A final diagnosis of acute on chronic cholecystitis secondary to gallbladder TB was made.

TREATMENT

She was started on empiric antibiotics according to local antibiogram[7] and a laparoscopic cholecystectomy was scheduled during the admission[8]. The 10-point intra-operative gallbladder scoring system (G10) operation score was 5[9]. Intra-operatively, a chronically thickened and acutely inflamed gallbladder was covered by moderate grade omental adhesions. The gallbladder contained a 3 cm stone. On histology, the sections of the gallbladder revealed features of acute on chronic cholecystitis as well as necrotizing granulomatous inflammation. Rare acid-fast bacilli (AFB) was identified on Ziehl-Neelsen stain (Figure 2).

Figure 2
Figure 2 Histopathology of the gallbladder specimen post-cholecystectomy. A: Low power view of the gallbladder with acute and chronic cholecystitis and necrotizing granulomas (Hematoxylin-eosin, × 20); B: Rare acid-fast bacilli (circled) (Ziehl-Neelson × 60) were identified.
OUTCOME AND FOLLOW UP

The patient recovered uneventfully. She was subsequently discharged and followed-up at a hospital in her home country due to financial and social reasons. Details on her follow-up are unfortunately unavailable.

DISCUSSION

Gallbladder TB is a rare entity due to population vaccination and intrinsic resistance for tuberculous infections[2,10]. It is associated with concomitant gallbladder lesions, especially cholelithiasis[2-4,11]. Epidemiologically, TB involving the hepatobiliary system is more common in Filipino patients like ours[1].

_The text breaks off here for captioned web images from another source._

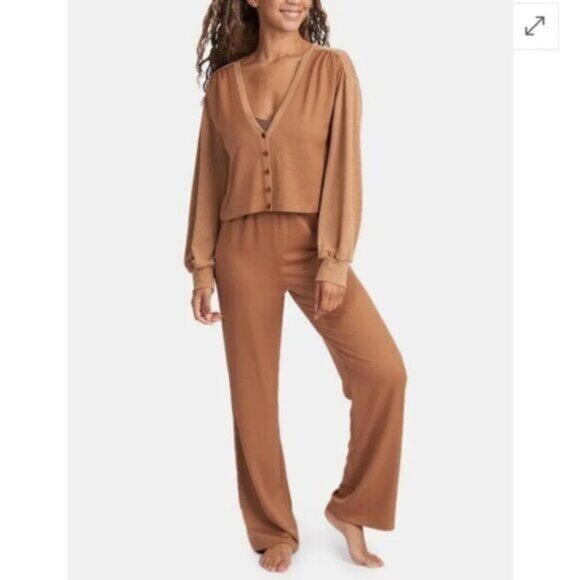 NWT Shabby Chic Suede Jasper Cardigan & Pant 2 Piece Set Size Medium - Picture 1 of 6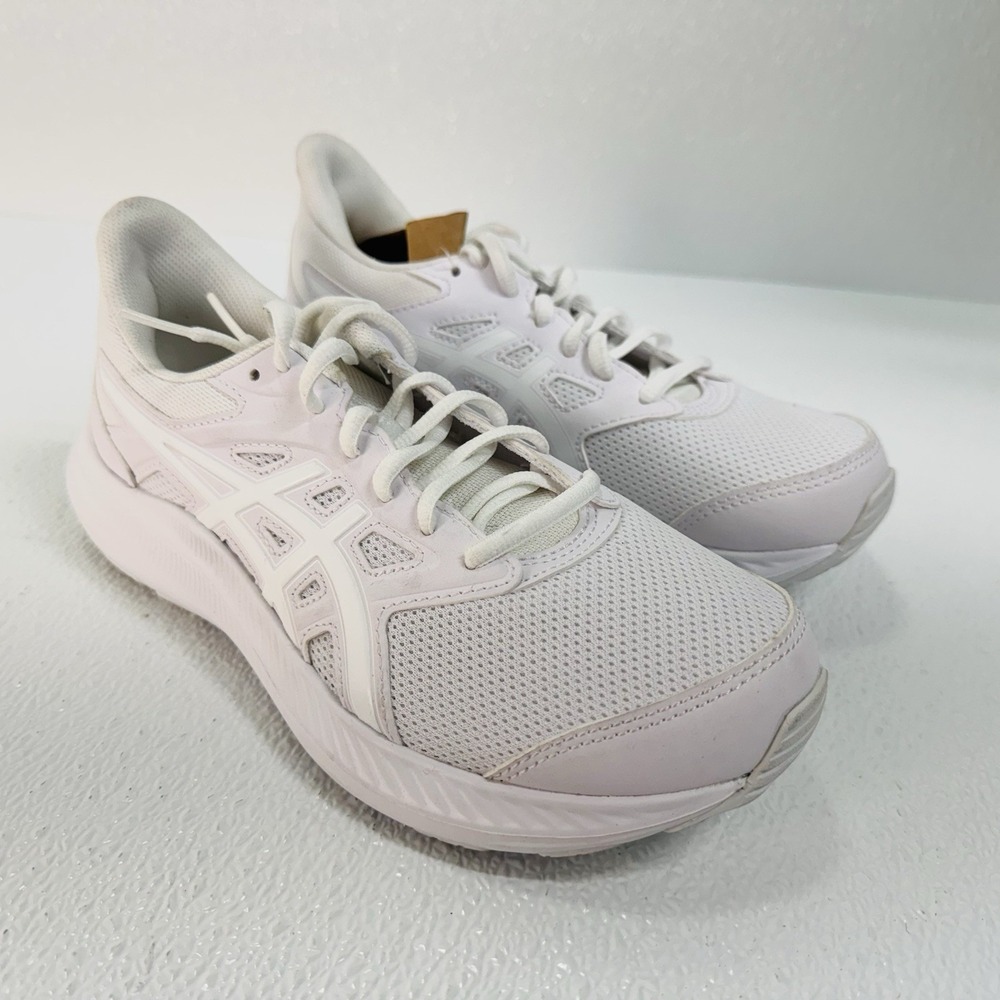 ASICS Jolt 4 Women's Running Trainers – Triple White US Size 6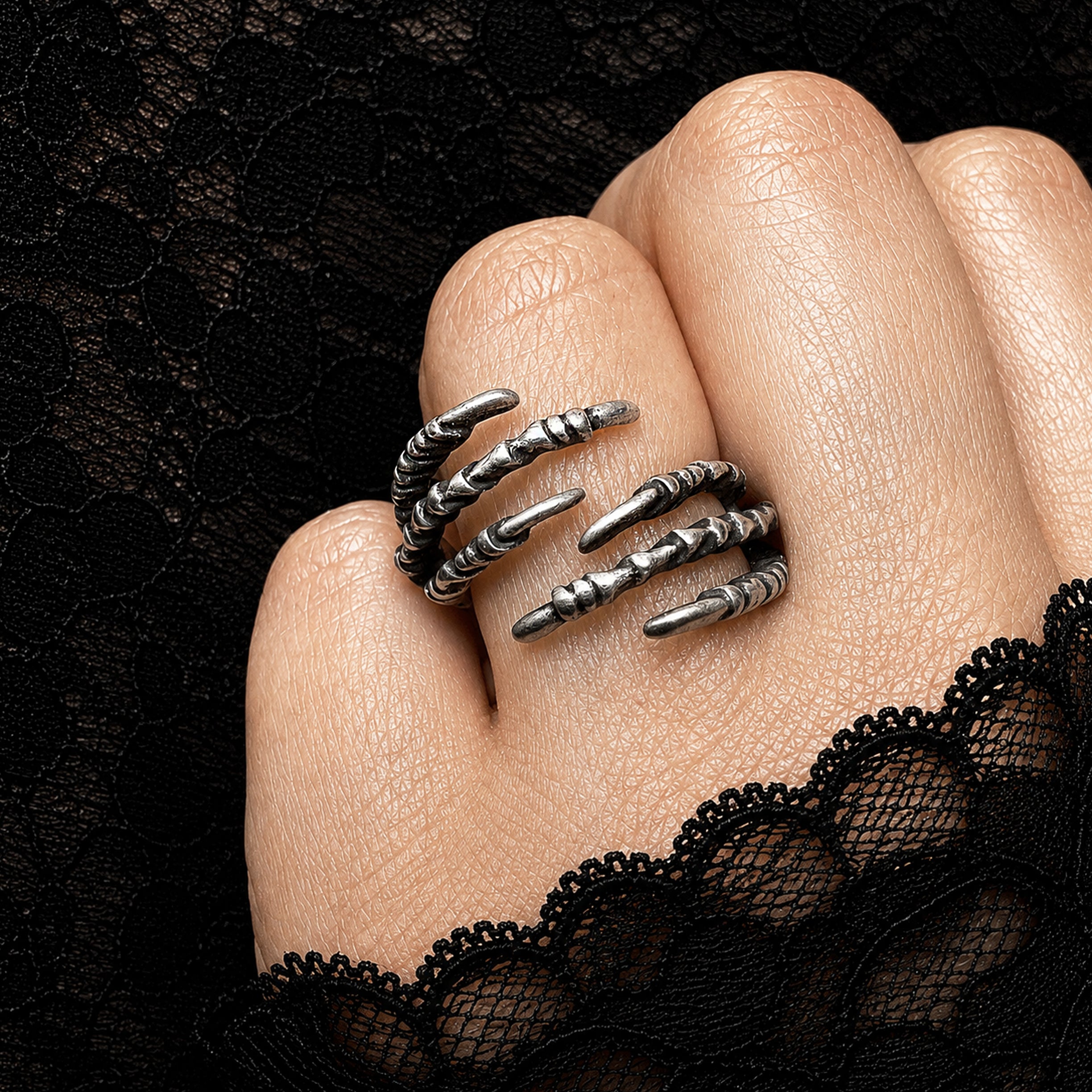 BIRD'S CLAWS RING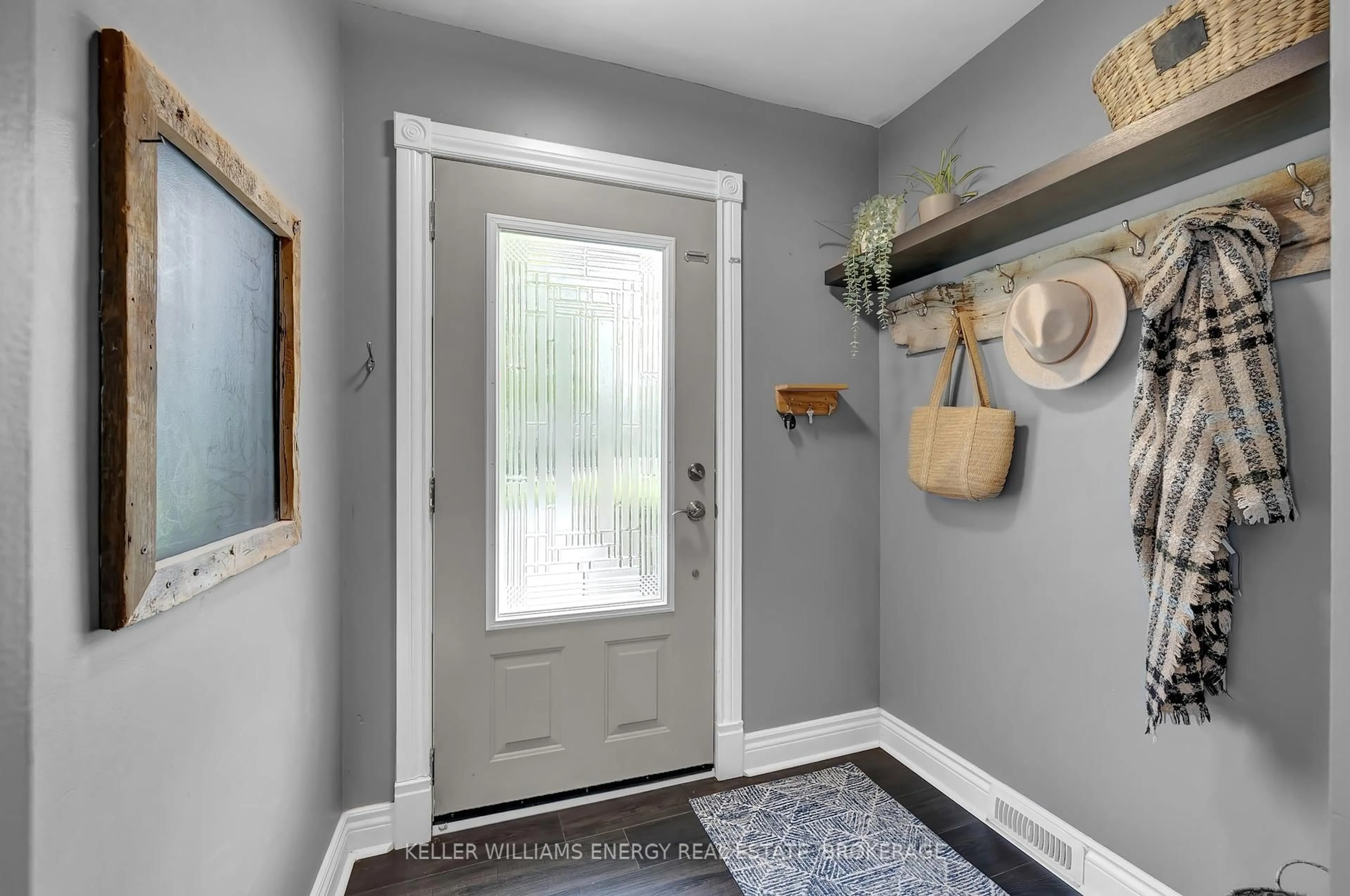 Indoor entryway for 944 County 22 Rd, Alnwick/Haldimand Ontario K0K 2G0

Four distinct clinical manifestations of gallbladder TB have been described[12,13]: (1) As part of miliary TB; (2) As part of disseminated abdominal TB; (3) As isolated gallbladder TB often found incidentally on microscopic examination of resected gallbladder; and (4) As part of an immunocompromised state such as uraemia, cancer or acquired immunodeficiency syndrome[10]. Our patient presented with a clinical profile consistent with acute cholecystitis and diagnosis was incidental on final histology.

Gallbladder TB remains a diagnostic challenge due to its rarity, non-specific presentation and investigation results. Common presentations of gallbladder TB include abdominal pain, fever, anorexia and weight loss[14]. Gallbladder perforation with intrahepatic biloma is also described[4]. Initial biochemical investigations for gallbladder TB are non-specific, such as a neutrophilic-predominant leukocytosis. A study by Xu et al[5] also showed that CTAP imaging for gallbladder TB may mimic a polyp, cholecystitis or carcinoma. The presence of heterogenous enhancement of the gallbladder may suggest caseating or liquefactive necrosis, which was found in our patient (Figure 1). However, the possibility of gallbladder TB was not a consideration in this patient with no significant past medical history and absence of immunosuppression. Prominent retroperitoneal and mesenteric nodes are likely to be reactive and non-specific. The possibility of a gallbladder TB based on the CTAP finding is only able to be considered retrospectively after histopathological analysis reveals AFB. Ultrasound-guided fine needle aspiration cytology of the gallbladder, although not commonly performed in clinical practice, may suggest the presence of gallbladder TB: Multiple granulomas with inflammatory and multinucleated giant cells and a positive Ziehl-Neelsen stain[15]. Histology is confirmatory and pre-operative predictors of gallbladder TB are not specific or validated due to paucity of data[2,3,14,16]. Cholecystectomy during the initial hospitalisation is recommended for patients with acute cholecystitis as it reduces length of stay, reduces cost and also restores quality of life[17].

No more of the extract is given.